Churpy officially launches its first product, an aggregated financial data API to help businesses manage payment operations

According to a press release, Churpy has officially launched its first product - an aggregated financial data API that allows enterprises to manage payment operations. The API platform will enable businesses to connect easily with their bank accounts and pull in statements and transaction data.

The newly launched product will help resolve non-scalable and clunky payment operations, which is currently a significant challenge for most medium to large businesses.

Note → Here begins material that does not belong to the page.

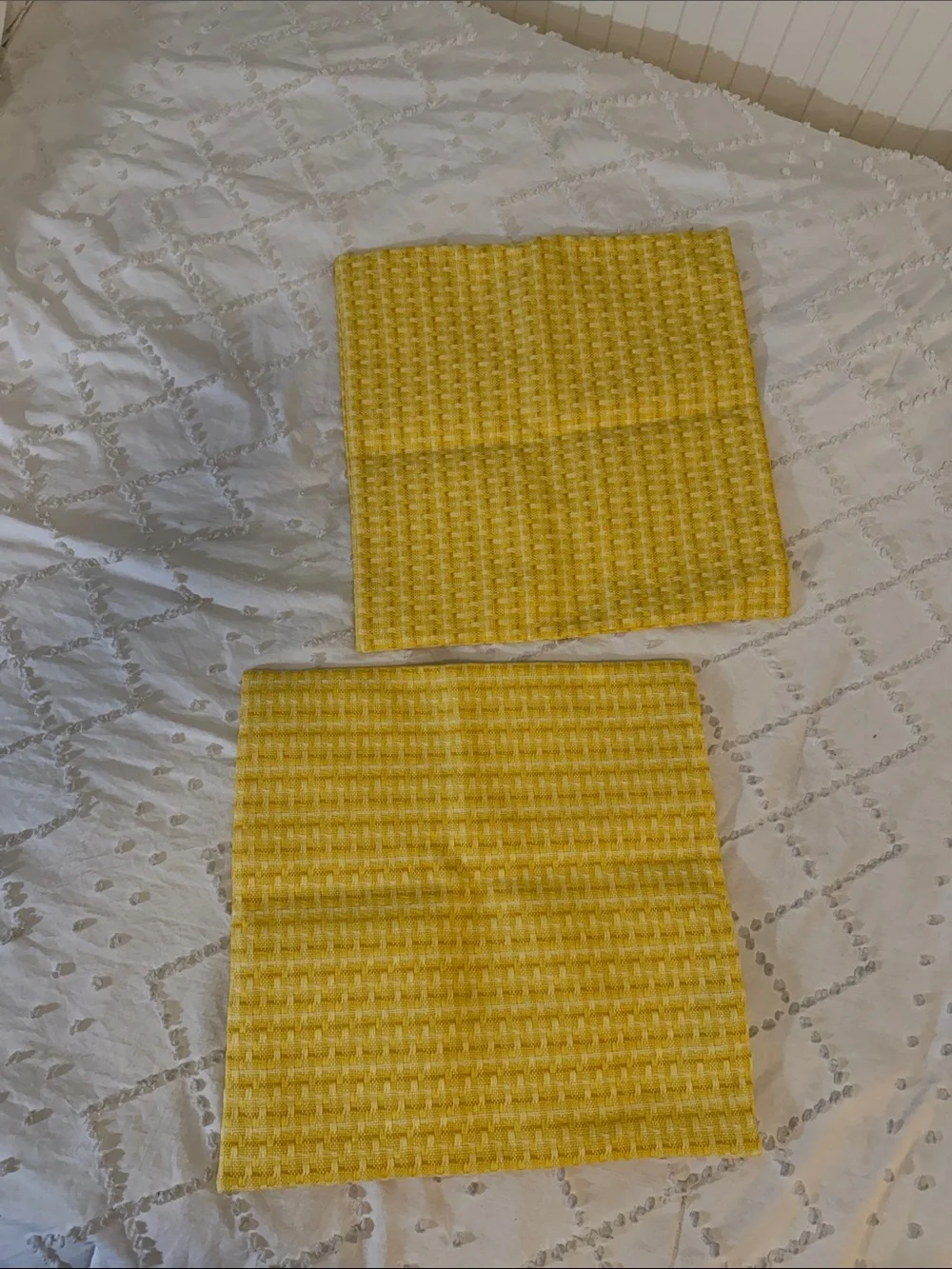 UGASA bright yellow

“It typically takes 4 or more receivables accountants to fully reconcile 100 invoices daily with just one dedicated collection bank account, making it hectic, non-scalable and clunky…Churpy is changing this experience to be smoother, scalable and simpler, just to name a few value additions on the customer journey.” Churpy CEO, John Juma

Churpy's product is a cloud-hosted engine empowering finance teams and developers to manage their finance operations effectively. It is developer-friendly, easy to use with well documented APIs, simplifying integrations with multiple large banks and major ERP platforms.

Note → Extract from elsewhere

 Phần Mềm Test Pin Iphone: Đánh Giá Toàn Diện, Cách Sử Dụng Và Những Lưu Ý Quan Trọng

Founded by John Juma (formerly at Citibank) and Kennedy Mukuna (formerly at World Bank), Churpy is a Fintech enterprise Software-as-a-Service (SaaS) company, backed by pre-seed investment from Antler East Africa VC and currently in working partnership with large banks and businesses.

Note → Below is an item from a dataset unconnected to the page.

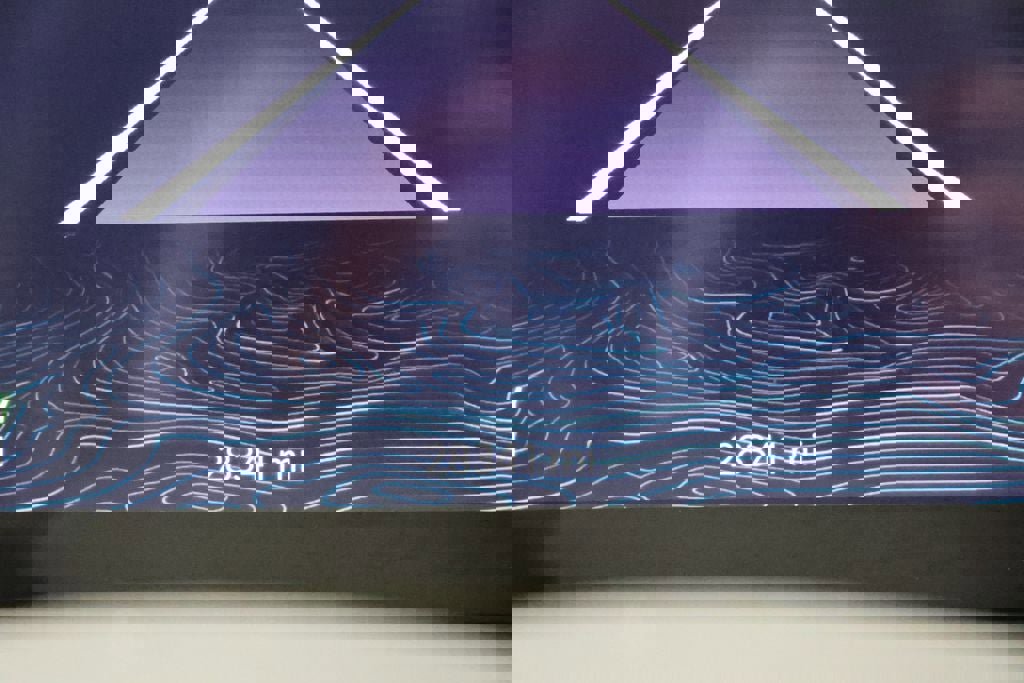 Used 2023 Jeep Grand Cherokee 4xe w/ Luxury Tech Group II image 21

According to the press release, the fintech startup said that its AI-enabled SaaS product would soon empower businesses to reconcile their books automatically, monitor all their bank account balance positions, process payments, and allow their customers to view and pay pending invoices directly through our platform.

"Businesses will optimize working capital by reducing days-sales outstanding and save costs by automating manual steps involved in payment operations such as downloading bank statements, data file preparations, reconciliation, payables and exception handling," Churpy further said.

Churpy claims to have connected with some of the largest commercial banks in Kenya via APIs, "we securely pull transactional statements data and reconcile these against pending invoices from various ERPs," Churpy said in a press release.